DSC214
Topological Data Analysis
Spring' 2025, Tue/Thu: 8:00am -- 9:20am
Location: Central Hall 222
Spring' 2025, Tue/Thu: 8:00am -- 9:20am
Location: Central Hall 222
Course Description
Topological data analysis: algorithm and applications
Topological methods provide powerful tools for characterizing structures/features behind data and analyzing diverse complex data (images, graphs, point sets, etc). This course introduces basic concepts and topological structures, as well as recent topological tools, algorithms, as well as examples to applications. Some topics include: basics in topology, simplicial complexes to model data, persistent homology, discrete Morse theory, topology inference, the Mapper methodology, hierarchical clustering, and integration of topological methods with machine learning.
We will be using the campuswire as a platform for students to connect to each other, and share references / insights etc. You should have received an email inviting you to campuswire, and you can also join by an access code available in Canvas.
Prerequisite: Linear algebra, algorithms (DSC40B or equivalent)
Class time: Sp'2025, Tue/Thu 8:00am -- 9:20pm PDT.

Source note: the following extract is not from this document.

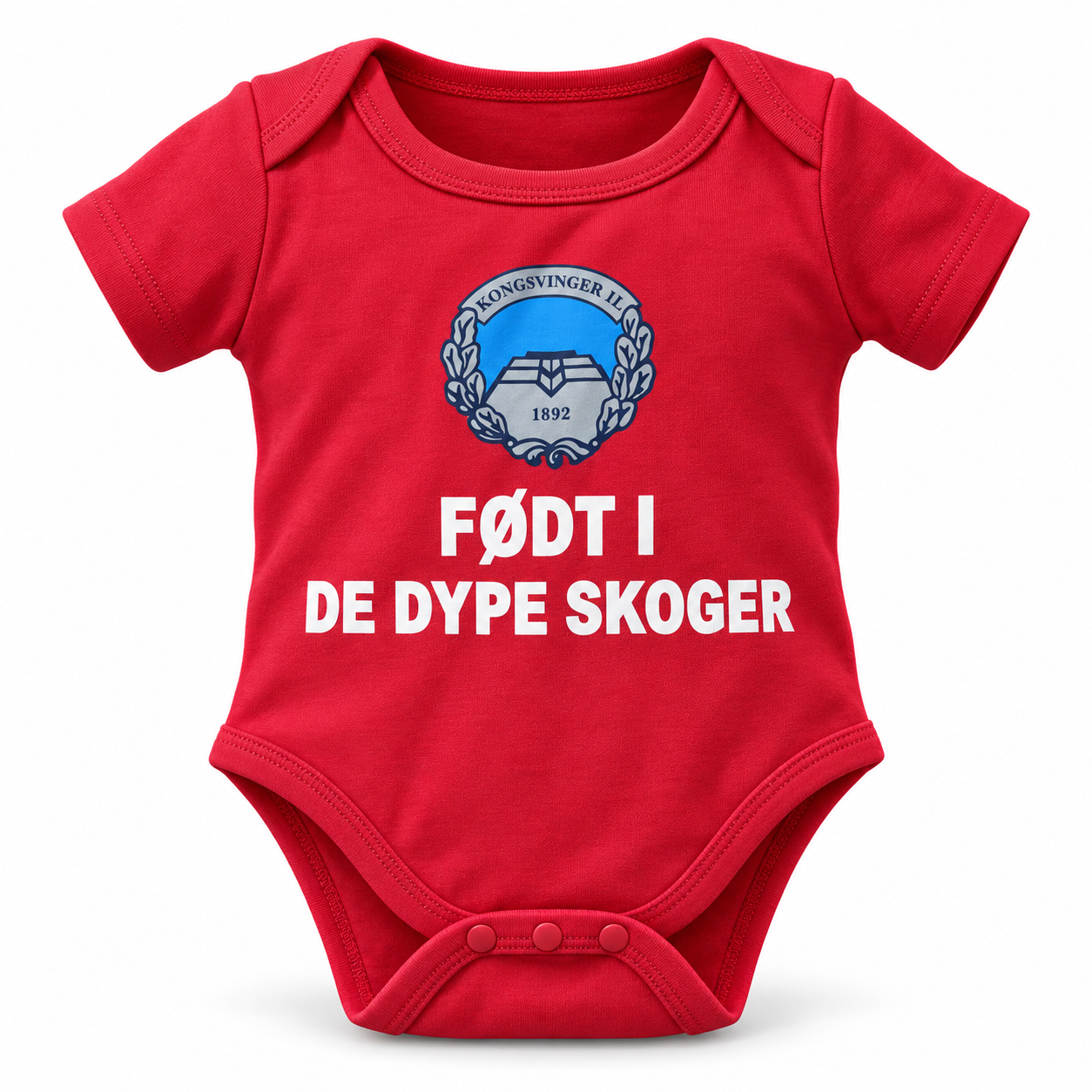 Babybody – forside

Office Hour: Thu 9:30am -- 10:20am PDT (HDSI 446), or by appointment (yusuwang@ucsd.edu ).
Tentative schedule: download here
Reference books:
Much of the material is from a up-coming book Computational Topology for Data Analysis co-authored by Dr. T. K. Dey and myself, and you can download an e-version of the book here (for academic use), or on my website.

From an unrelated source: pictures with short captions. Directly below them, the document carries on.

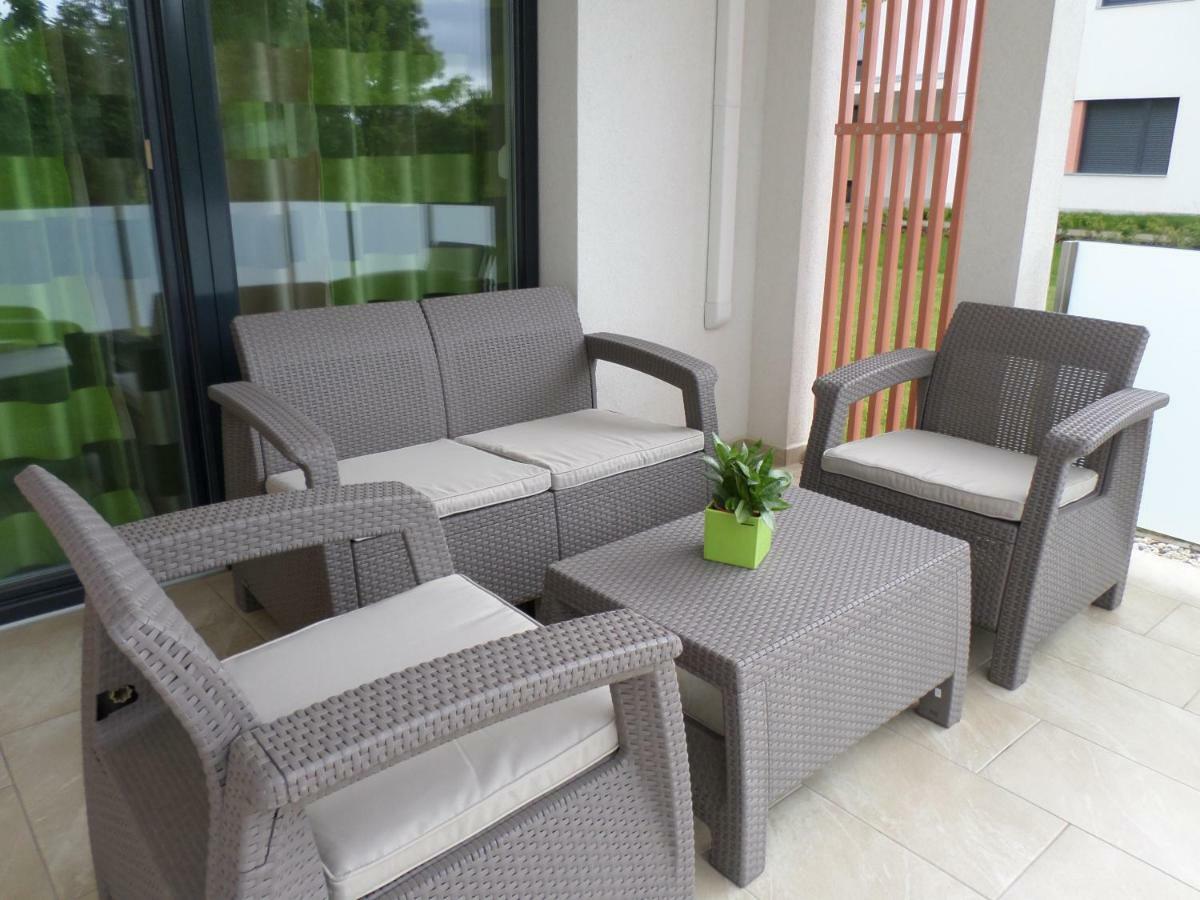 Lakoparki Apartman Veszprém Extérieur photo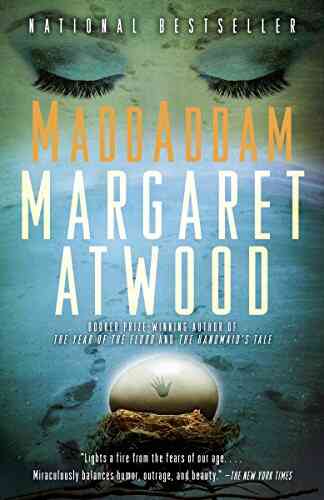 MaddAddam (MaddAddam Trilogy 3) Margaret Atwood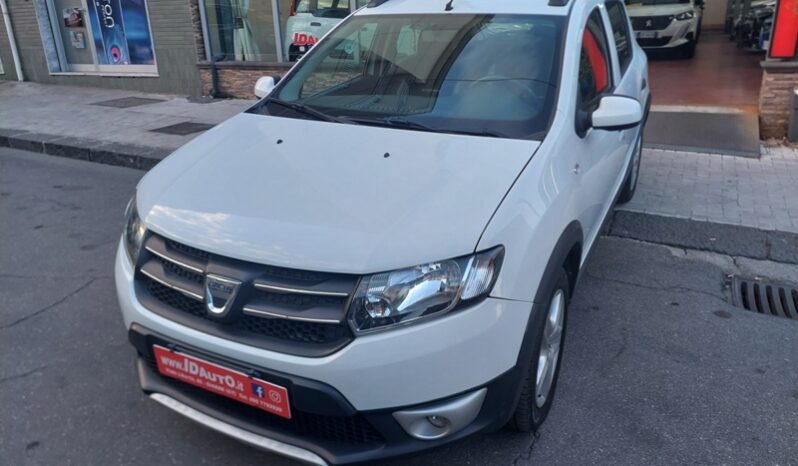 
								Dacia Sandero Stepway 1.5 dCi 8V 90CV Prestige full									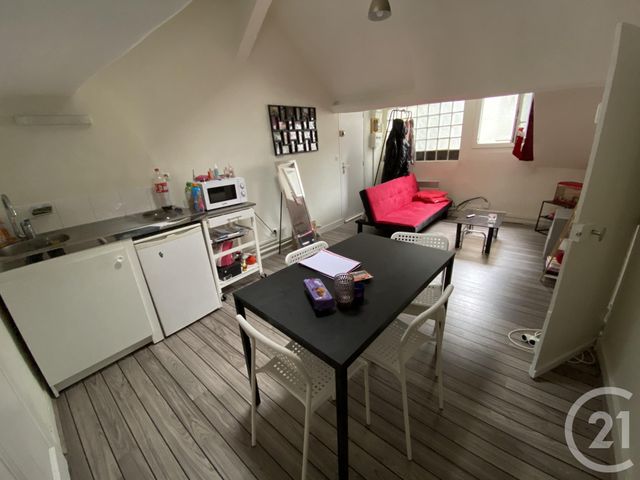 Appartement F2 à louer - 2 pièces - 27.15 m2 - ROUEN - 76 - HAUTE-NORMANDIE - Century 21 Harmony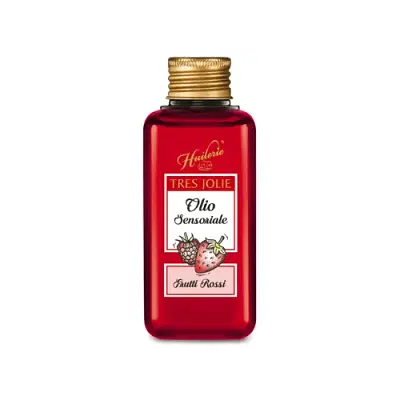 HUILERIE OLIO SENSORIALE FRUTTI ROSSI HUILERIE OLIO SENSORIALE FRUTTI ROSSI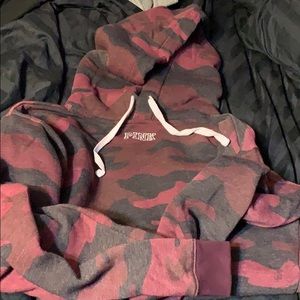 Victoria’s Secret PINK Sequin Hoodie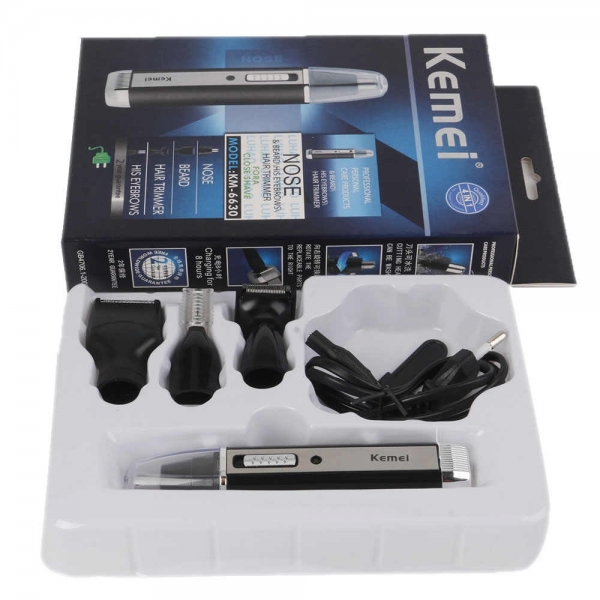 Kemei 1201051 Çok Amaçlı Tıraş Makinesi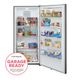 Frigidaire® 20 Cu. Ft. Carbon Upright Freezer-4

I will distribute (in Canvas) class notes and slides throughout the course.
Other references that might be useful:
Computational Topology: An Introduction, by H. Edelsbrunner and J. Harer, AMS Press, 2009.
Algebraic Topology, by A. Hatcher, Cambridge University Press, 2002. (Online version is available at the author's webpage.)

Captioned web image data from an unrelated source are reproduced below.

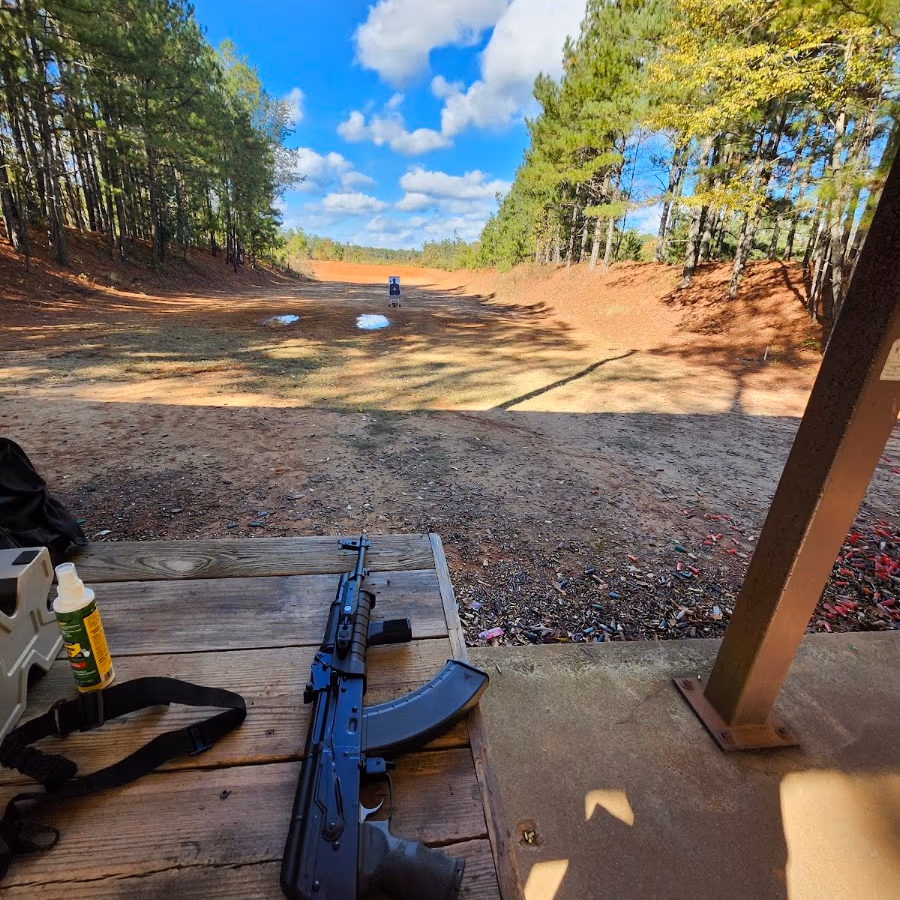 Rod & Gun Club at Fort Bragg photo 2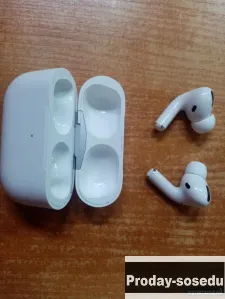 НАУШНИКИ APPLE AIRDPODS PRO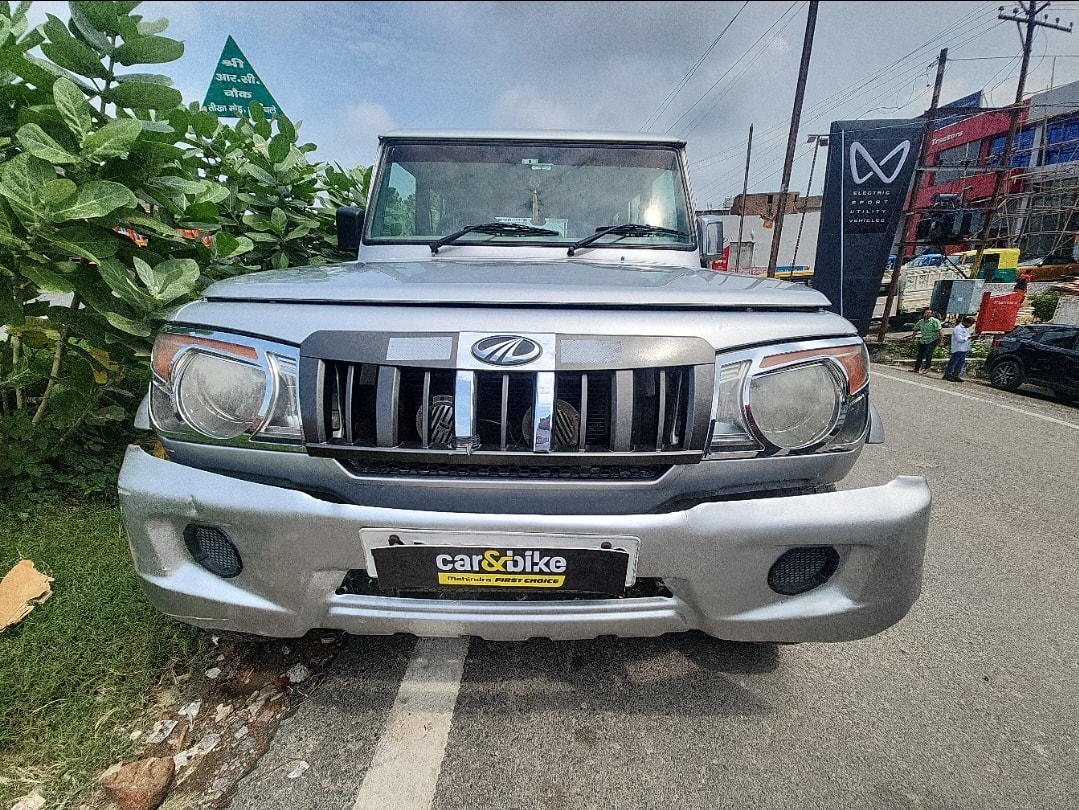 Used 2017 Mahindra Bolero Used 2017 Mahindra Bolero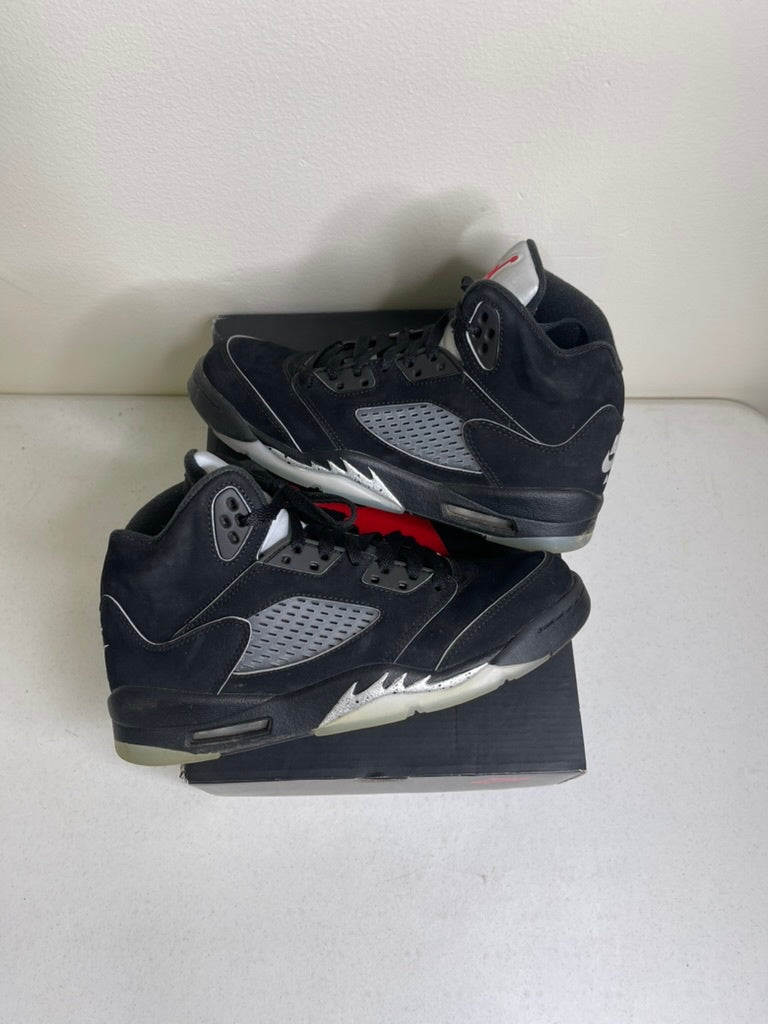 Jordan 5 Retro OG Black Metallic Reimagined (GS)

An Introduction to Morse Theory, by Y. Matsumoto, Amer. Math. Soc., Providence, Rhode Island, 2002.
Elements of Algebraic Topology, by J. R. Munkres, Perseus, Cambridge, Massachusetts, 1984.
Grading policy:
There is one project. The final grade is based on: Project / survey (proposal, project, report, short presentation with Q&A): 100%.
Project requirements:
Each student is required to meet briefly with me around 3rd-4th week, so that we can discuss to find a good potential topic for your final project. You can choose to do a project or a survey -- however, note that the bar for survey is high: it has to be reasonable broad, and there has to be new insights / reflections in addition to aggregating existing work.
New!: To help to develop your project, a list of potential topics is given here -- note that this is only meant to serve as a starter, to help you develop your own project.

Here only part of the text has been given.